Immigration is becoming a key issue for reflection in the aftermath of Labour’s election defeat.  Owen Tudor, Head of the TUC’s European Union and International Relations Department, expresses concern that “the contestants are in danger of repeating or worse exaggerating the errors of New Labour’s capitulation to right-wing ideas on migration – being tough on migration rather than tough on the reasons that migration causes problems.”

All the Leadership hopefuls have made some reference to it but David Goodhart, Editor of Progress, presents most clearly openly the nasty message of most of them arguing Labour must become the anti-immigration party. We should become, he says, “the party that is anti-mass immigration, but pro-immigrant.” Apparently, “a generous welfare state cannot survive in the long run unless there is a strong sense of a common life, of shared cultural references and experience.

The solutions are that “Labour should make common cause with the Tories if they are indeed serious about bringing net immigration down to tens of thousands” and “in opposition, develop a distinctive policy of modern “nation building” and citizenship integration”. John Harris in the Guardian summarised the approach as “outflank the Lib-Cons from the right, and so satisfy the proles.

Don Flynn, Director of the Minority Rights Network sees it rather differently: “Labour must take a more honest look at its failings on immigration:”

According to recent statements from leadership candidates Ed Balls, Andy Burnham and Ed Miliband, the problem was that Labour shied away from the immigration debate, failing to convey information about the controls that they were implementing.
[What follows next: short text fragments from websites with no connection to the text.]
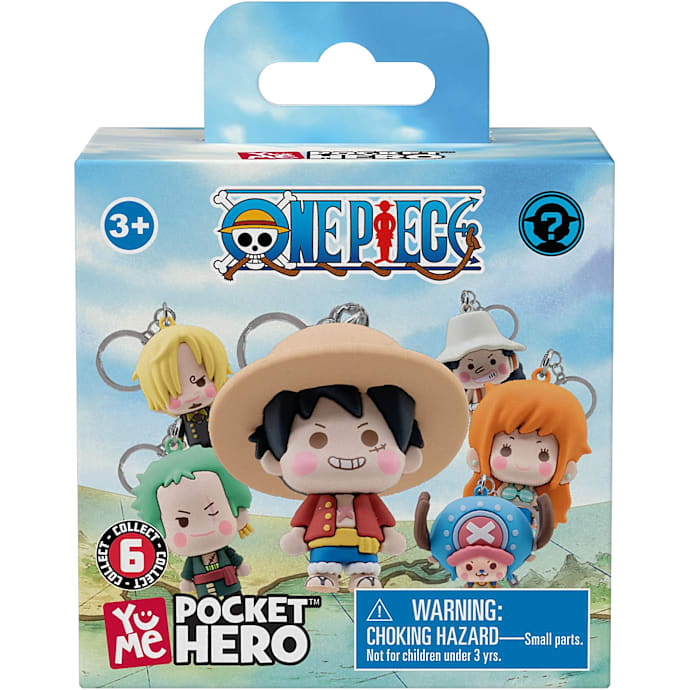 Yume One Piece Pocket Hero nøglering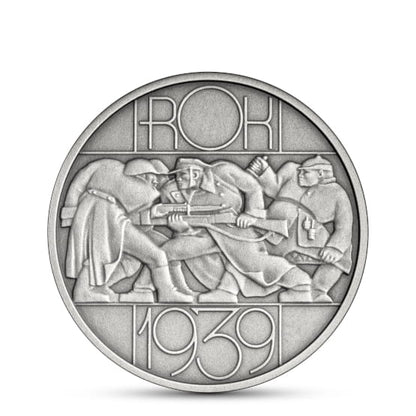 Moneta 20 zł Sowiecka agresja na Polskę – 17 IX 1939 r.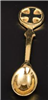 Brass Spoon 10cm Length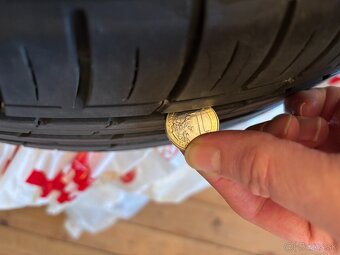 Pneumatiky Falken ZE914B ECORUN 225/45 R17, najazd 4000km - 2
Apparently, former Home Secretaries (including David Blunkett, Charles Clarke and John Reid) were such shrinking violets that they could not convince the public that Labour’s policies were tough enough on unwanted migrants.

The message, he says, was loud and clear.  Labour’s controls and enforcement were as tough as tough could be – immigration was under control and there wasn’t a problem.  Unfortunately, that simply did not equate with people’s experience.  They knew there were lots of new immigrants around – mostly from new EU entrants, but Labour had never explained that it couldn’t control that and, says Flynn, “there was nothing for it to fall back on in the way of promoting policies aimed at securing fairness and social justice for migrants and citizens alike.”

We should have no fear of facing up to, as Diane Abbott puts it, “the real reasons behind (black and white) working-class unhappiness about immigration. We have to talk about housing, the rise of agency (and casualised) labour and the incremental undermining of the welfare state, which have left working people feeling so insecure.

On housing, we will not only alleviate concerns about immigration, but solve many other problems by building new council housing: not the pathetic numbers built by Labour in the last government, a few hundred here and there but 200,000 a year as Tory governments did in the early 1950s and Labour (nearly) did under Wilson in the late 1960s.

On casualised labour, or “labour market flexibility” as New Labour preferred to call it, this was where the last government’s neo-liberalism was at its sharpest in resisting EU measures to prevent workplace exploitation and, above all, to remove legal restrictions on effective, free trade unionism.

There lie the two greatest causes of concern about immigration.